Experimental Analysis: The experimental result reveals that the computation times of each round for each module are generally consistent, with only occasional variations. These inconsistencies are attributed to the high-performance workstations used for the experiments, which ran other tasks concurrently. This multitasking environment led to fluctuating resource allocation, resulting in sporadic peaks in computation time.

To gain a more comprehensive understanding of computational efficiency, we also calculated the average computation time for each module throughout the entire federated task. The detailed results are tabulated in

Table 6. Average computation time for each module on the server side (seconds).

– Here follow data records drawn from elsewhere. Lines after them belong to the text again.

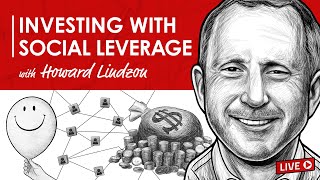 463 TIP. Investing with Social Leverage w/ Howard Lindzon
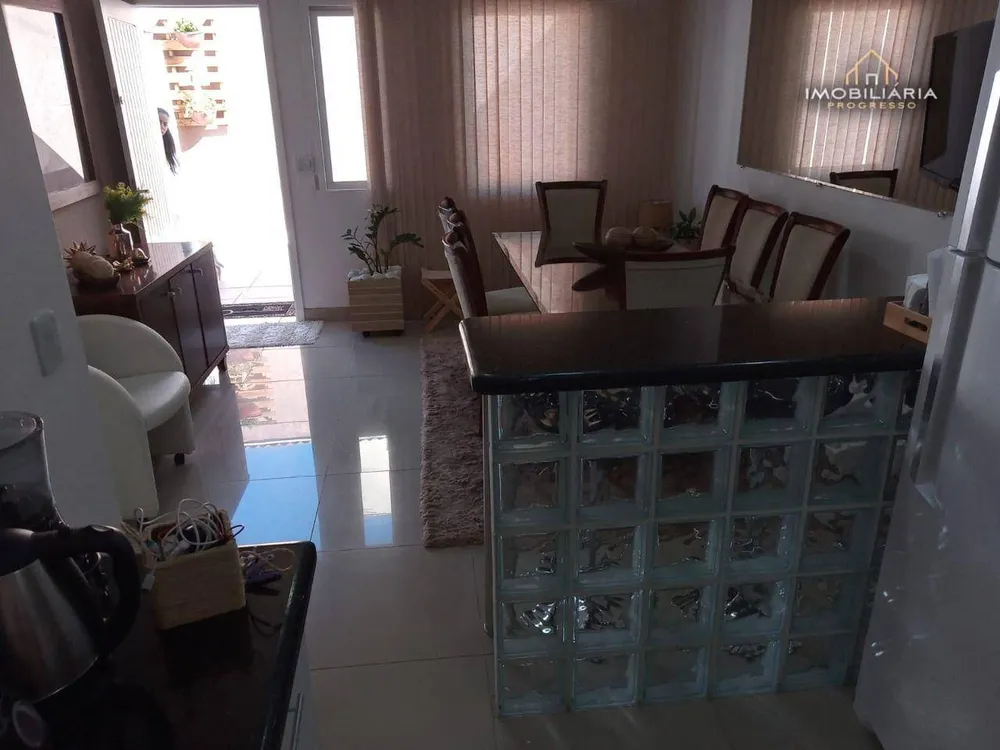 Sobrado, 4 quartos, 168 m² - Foto 8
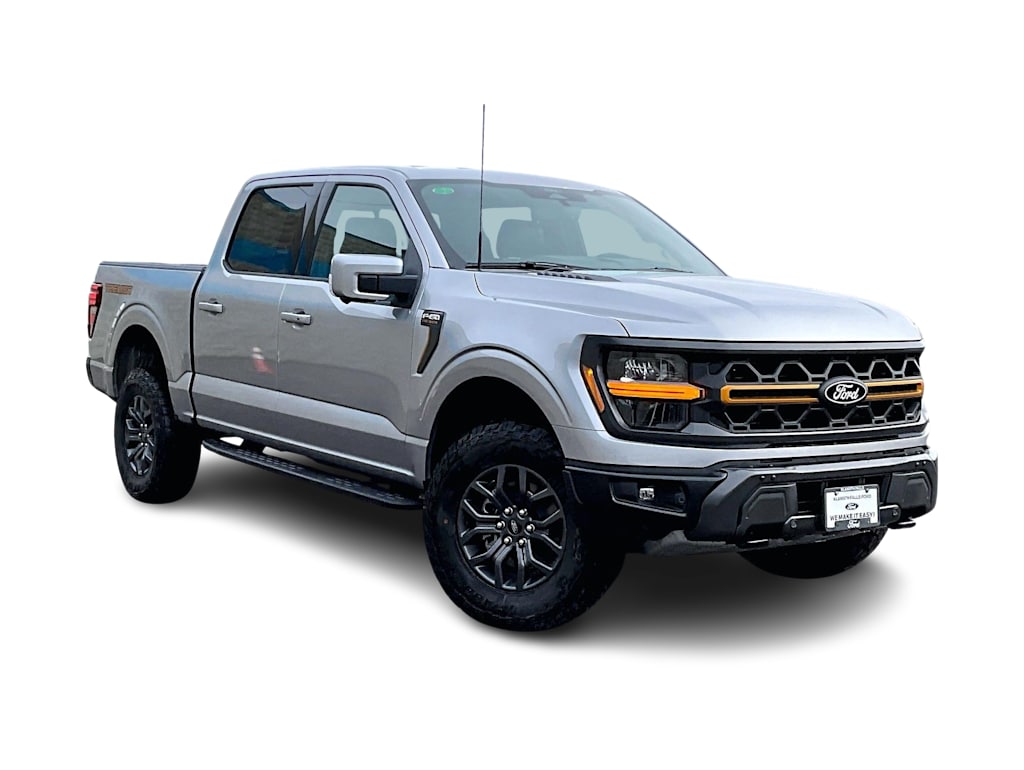 Thumbnail: 2025 Ford F-150 - 22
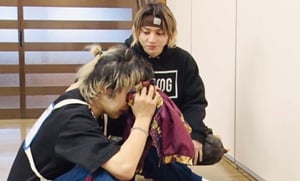 thefirst-shota-skyhi-1 thefirstのショウタとスカイハイ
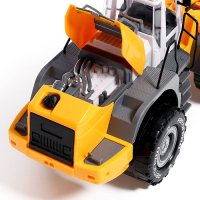 Трактор инерционный &laquo;Погрузчик&raquo;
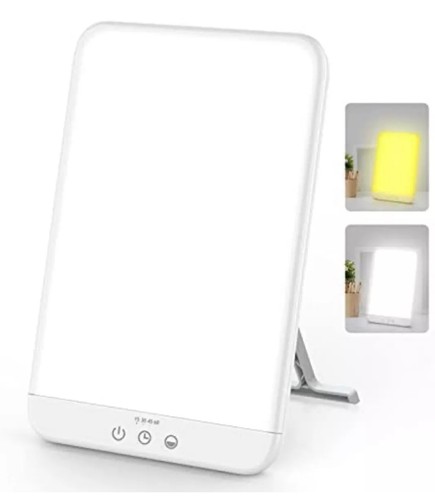 Sad light therapy lamp 10000 - therapy,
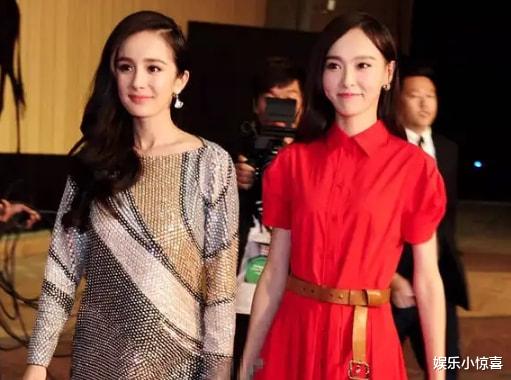 赵丽颖|墙倒众人推！曝赵丽颖疏远谢娜，为事业选择自保，疑跟刘诗诗结盟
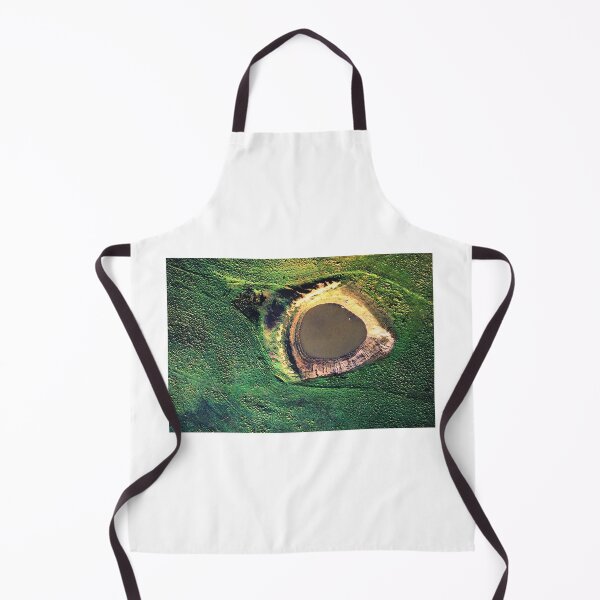 Item preview, Aerial landscape, Benalla designed and sold by Roz McQuillan Fine Art & Photography.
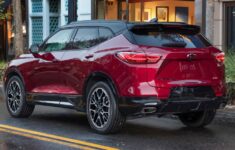 2026 Chevy Blazer Price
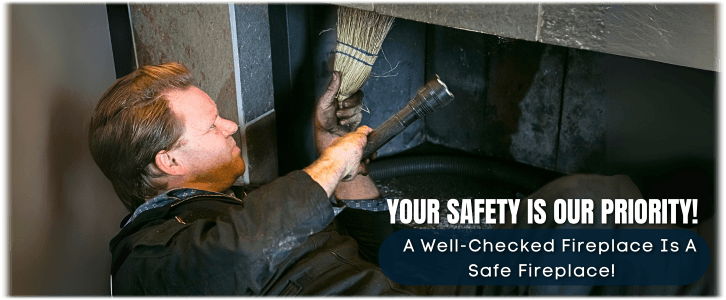 Chimney and Fireplace Inspection Greenville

Number	Attack	Train Model	Identify Client	Calculate Logit	Calculate Weight	Total Time 1	Total Time 2
10 clients	Type-1	10.112	2.802	0.298	2.081	15.294	5.181
	Type-2	10.095	2.724	0.296	2.039	15.155	5.06
	Type-3	10.196	2.679	0.301	1.932	15.108	4.912
15 clients	Type-1	10.3	4.017	0.292	2.951	17.56	7.26
	Type-2	10.497	3.964	0.297	3.005	17.764	7.267
	Type-3	10.26	3.885	0.293	2.807	17.215	6.955
20 clients	Type-1	10.625	5.611	0.298	4.069	20.604	9.978
	Type-2	10.321	5.259	0.295	3.984	19.86	9.539
	Type-3	10.337	5.278	0.299	3.826	19.74	9.403

. We differentiate between ‘total time 1’ and ‘total time 2’. The ‘total time 1’ is the aggregate time for all modules. The ‘total time 2’ is the cumulative time of all modules, excluding the server-side training model module.

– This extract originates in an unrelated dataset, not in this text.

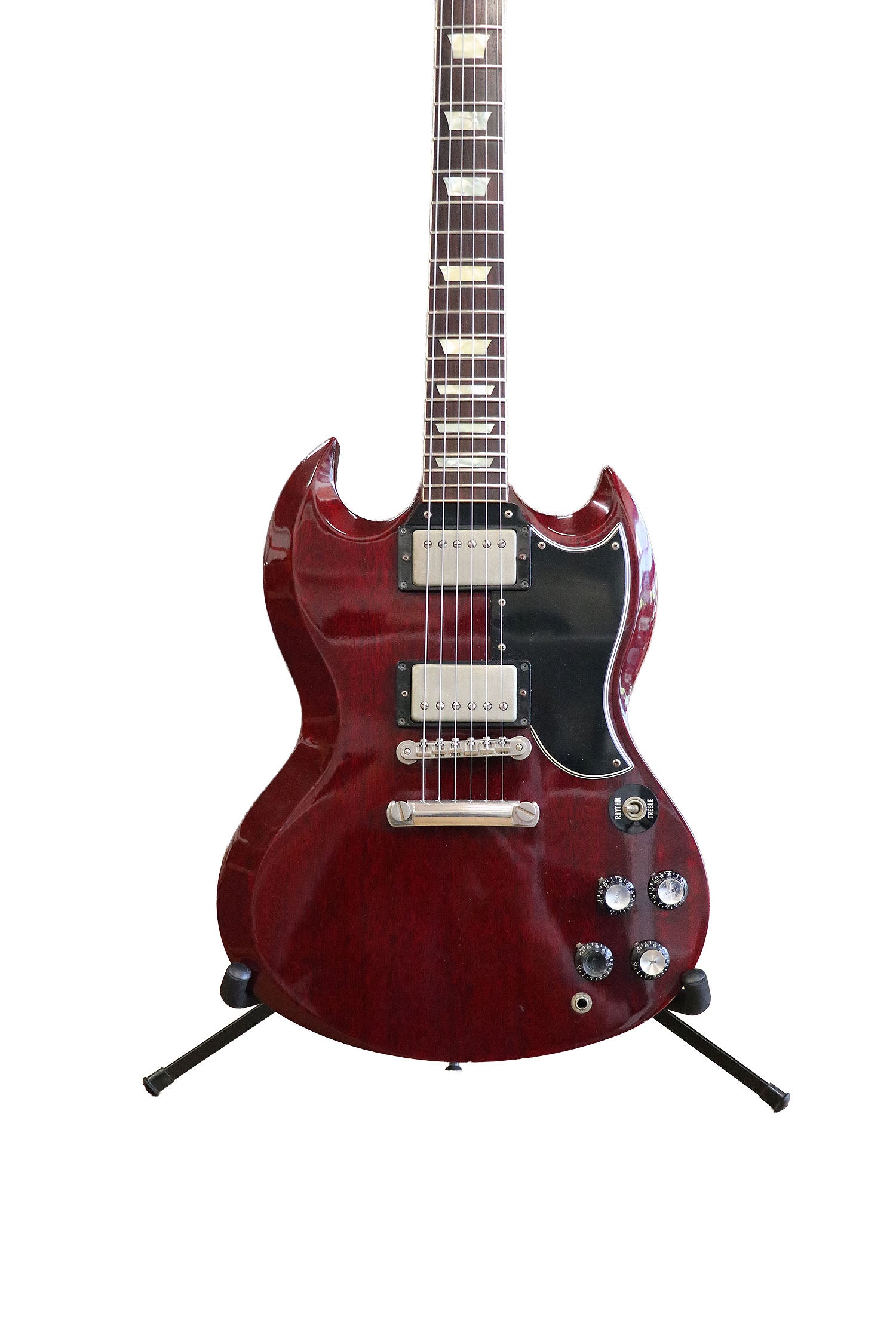 Orville by Gibson SG - year 1988 – The Guitar Colonel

The experiment shows that the number of clients does not influence the training model and logit calculation computation times. The training model times depend on network parameters, epochs, and the number of samples. The logit calculation time depends on the number of samples in the public dataset. The computation time of these two modules does not increase with the number of nodes because the factors affecting these modules are independent of the number of nodes. The time required for client identification and weight calculation increases with the number of clients. For server-side computational efficiency, the ‘total time 2’ is more relevant as server-side model training is independent of client-side tasks. We assume the server has sufficient computational resources to pre-train the model before receiving the client’s logit. Thus, the ‘total time 2’ can reflect the efficiency of our algorithm in processing client logit messages. Notably, in scenarios with 20 clients, our framework can complete essential steps in under 10 s, which is crucial for the real-time detection of client type.

6. Conclusions

To address the issue of trustworthy computing and information fusion in heterogeneous federated environments, we have designed a trustworthy federated learning framework (FedTKD). This framework encompasses several key functions. Firstly, we proposed a client recognition method based on logit features to exclude malicious clients from participating in global information fusion. Additionally, we proposed a reliable global logit fusion method to ensure high-quality information fusion. Finally, we proposed an adaptive knowledge distillation method to improve the accuracy of knowledge transfer from the server side to the client side. We conducted experiments in various attack scenarios, including logit tag flipping and low-quality information fusion scenarios, to assess the reliability and robustness of FedTKD. Furthermore, we have evaluated the algorithm’s performance under different data distribution scenarios and compared it with five baseline algorithms. The results demonstrate that our algorithms outperform others in various circumstances.

However, it is important to note that our approach requires a common dataset shared between the server and clients, which should include samples of all types. In practical scenarios, creating such a comprehensive common dataset can be challenging. Therefore, our future research will investigate how to achieve trustworthy heterogeneous federated learning when only a subset of sample types is available. We also plan to explore a wider range of client attacks to expand the applicability of our method. Additionally, we intend to deploy FedTKD in a distributed environment to assess and optimize its real-world performance.